My friend T had such a traumatic haircutting experience she didn’t get her hair cut for 2 years, which is saying something for a butch who looks good with a buzz cut! I don’t know exactly what happened, I think the hairdresser saw the lesbian symbol tattooed on the back of neck, and things went downhill from there. She arrived at my place with hair down to her shoulders, asking for an intervention! She was real sick of her cult-like government workplace too – if you called in sick, then didn’t answer your phone later, managers came to your house! So I typed her arts based resume while I was at it, as part of my comprehensive complimentary make over service! Took her in to the lovely woman at the Men's Hairdressers, who I had already primed with the story my friend was recovering from a bad hair cutting experience. The Hairdresser chatted away to us about how my friends holiday was going, she looked at my friend’s girlfriends short haircut a few times, and modeled it partly on that. Turned out just fine!

I am ashamed to confess I privately thought my friend was being a bit of a baby about the whole haircutting incident, until, I had my own bad experience recently. I’ve been to this place a few times, Iranian women work there, I have had some good hair cuts there, but lately I keep getting this woman who says ‘oh I remember you’, points to a picture of a man with a curly flat top haircut, I say ‘yes’ and away she goes. It would be fine if she would just stop cutting half way through, it looks good. But for some reason no matter what I say she keeps going and it gets shorter and shorter. Until she might as was well have taken the clippers and run them over my head with a number 3 blade until I look like the fuzzy egg I do, at the end anyway! Don't get me wrong I have spent many a year with just such a haircut, and I did it myself, but theres good #3's and theres bad #3's! Maybe that's the difference between a haircut and a  hairstyle, I was here for the latter. For goodness sake it’s the middle of winter! I go home, cry, put on a hat, won’t come out of my room for a day and leave the hat on when in public for 2 weeks! Until it grows a little. I’m not all that fond of having anyone touch my head anyway. Often after the creative concept negotiations, and they get going I shut my eyes and go off in to a meditative trance just to cope. Kind of like being at the dentist. Hairdressing is a act and conversation  across culture, language, gender and sexuality, some things get lost in translation. I suspect though for me the concept that androgyny is something to be accentuated, (if you've got it flaunt it!) desired, desirable, may be biggest loss in translation.

No more! So I decided to return to my late teens early 20’s practice and cut my own hair! I have some clippers, so I got them out, plugged them in, oiled them, and away I went. Well not quite, this time I proceeded with caution, I was laughing picturing some of the less than great youthful haircuts I gave myself! So for the first time I got out the instructions. It said ‘Instrucciones para recortar el cabello en casa’ you know which got Para Graphia’s attention what with the word PARA being in there!

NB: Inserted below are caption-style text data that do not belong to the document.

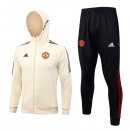 Sweat Shirt Capuche Manchester United 2023-2024 Jaune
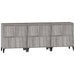 Dulapuri, 3 buc, sonoma gri, 60x35x70 cm, lemn prelucrat - WALTI WALTI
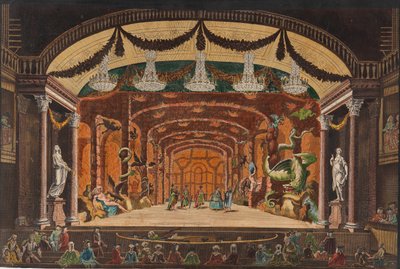Immagine del peep show, ca 1770 da Unbekannt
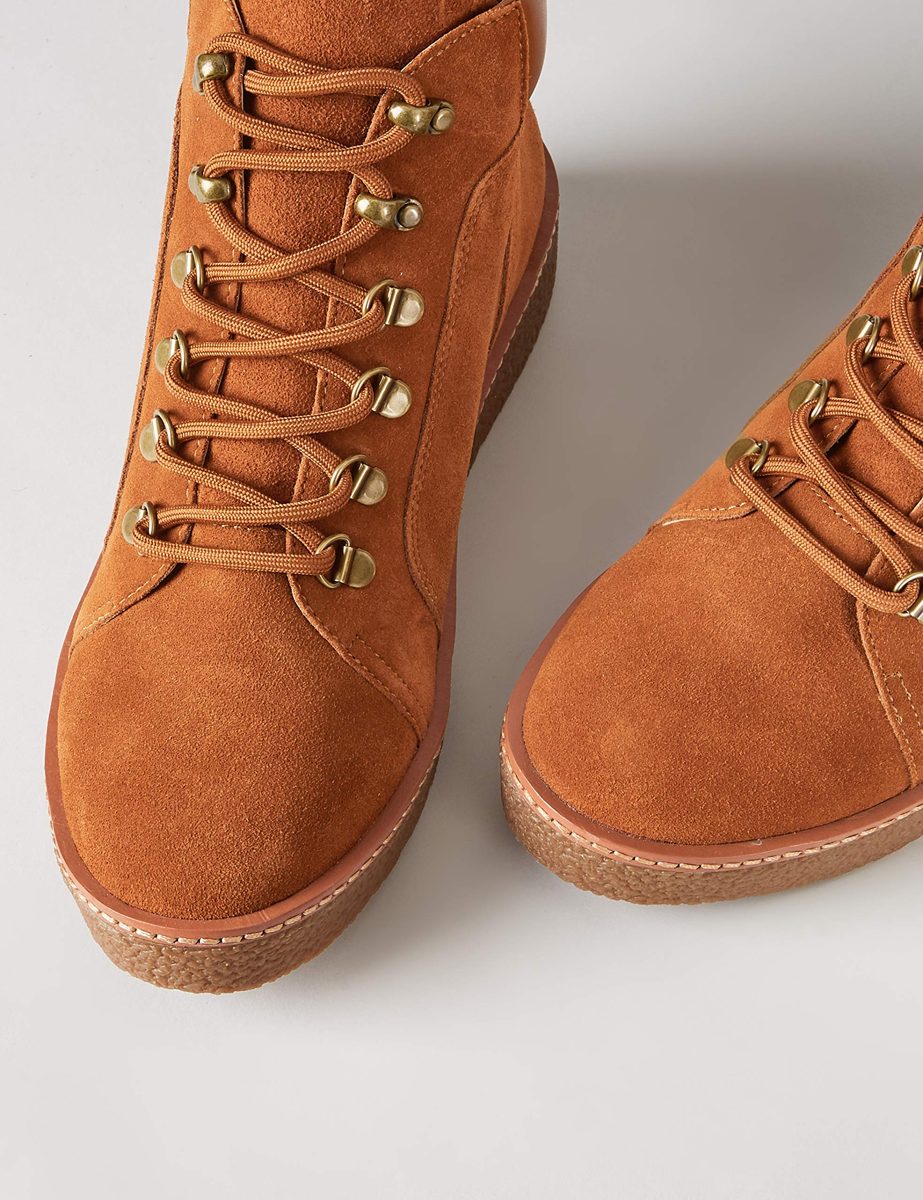 find. Amazon Brand Gumsole Hiker Ankle Boots, Brown, US 5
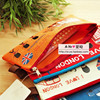 Stationery, pencil case with zipper for elementary school students, Korean style, oxford cloth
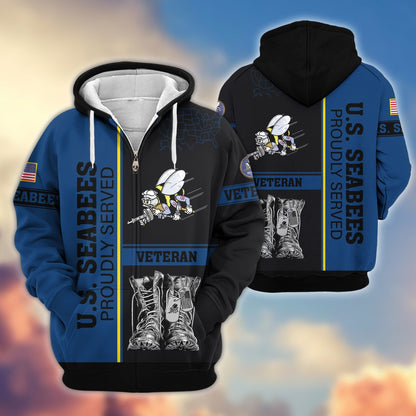 U.S. Veteran Zip Hoodie | Patriotic Gift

On the English version of the instructions it said: ‘Home Hair trimming instructions’. There were pictures too, with hair trimming tips, what process to follow, the order, and how to do a crew cut, puurrffect! I followed the instructions, I remembered how to cut hair. I laughed some more remembering the good and bad haircuts I gave some of my male fellow students at Uni who asked me to cut their hair and paid me in chocolate. I know how to cut MY hair, I’m real good at cutting straight up to the ears with the scissors, I used the clippers on the sides and the back, but not cutting too high up, and not too close, the largest blade, number 7. Which was good, its too hard to cut the back of your hair using scissors, directions become very confusing in the mirror. I cut the top with scissors, using the trim along your index finger method paying special attention to that tricky crown area. Otherwise one week after my haircut I start to look like a parrot! I really like my haircut! It still sticks up, there’s a bit if a wave to it.

So about those Spanish instructions: ‘Instrucciones para recortar el cabello en casa’, according to Bablefish online translation http://babelfish.yahoo.com/translate_txt it means ‘Instructions to trim the hair in house’ which if you re-translate back to Spanish is ‘Instrucciones de ajustar el pelo en casa’ again to English ‘Instructions to fit the hair in house’ back again to Spanish ‘Instrucciones de caber el pelo en casa’. That’s about where it ends.

Unless you think it wise to rely on free online translations such as Babelfish – and I personally don’t - as opposed to say online Dictionaries which seem much more reliable in their translation, of words, if not always sentences. Part of the fun of Babelfish is translating and retranslating a phrase between languages as it gets further and further away from the original sentence to something ludicrous, fantastical or nonsensical which may make you howl with laughter. But it’s only really funny for about a day and then you get bored. Unlike human translators, computers do not cope well with idioms, colloquialisms and contractions. Which is how the drift away from the original occurs, and because languages may construct sentences so differently, while computers translate literally. No not literary! But that might be useful……

According to this online dictionary http://www.spanishdict.com/translate/para

para [pah’-rah] is a preposition
Which can mean alternately: For, to, in order to (finalidad), toward, wherefore, to the end that.

It’s also where I discovered the fixings for this little bilingual lost in translation found poem on the nourishment of words:

es para ti                                         it's for you
¿Para qué                                      why
Leer para sí                                    to read to oneself
Para siempre                                 for ever
comida para llevar                        food to go
Hay que comer para vivir             It's necessary to eat in order live
   
I realize now that the people who might know how to cut my hair - the boyish looking girl, may be women who work in men’s hairdressers. Las mujeres que trabajan en peluquerías de hombresso! If you know any let me know? Otherwise too much seems to be lost in translation.

  According to Babelfish ‘Home hair trimming instructions’ in Spanish is ‘Instrucciones caseras del ajuste del pelo’ which I can not comment on the accuracy of, but perhaps some one will? I say we need instructions:  Cómo cortar un pelo andrógino de las personas - how to cut an androgynous persons hair. Or like painter Frida Khalo, I will have to resort to cutting my own hair.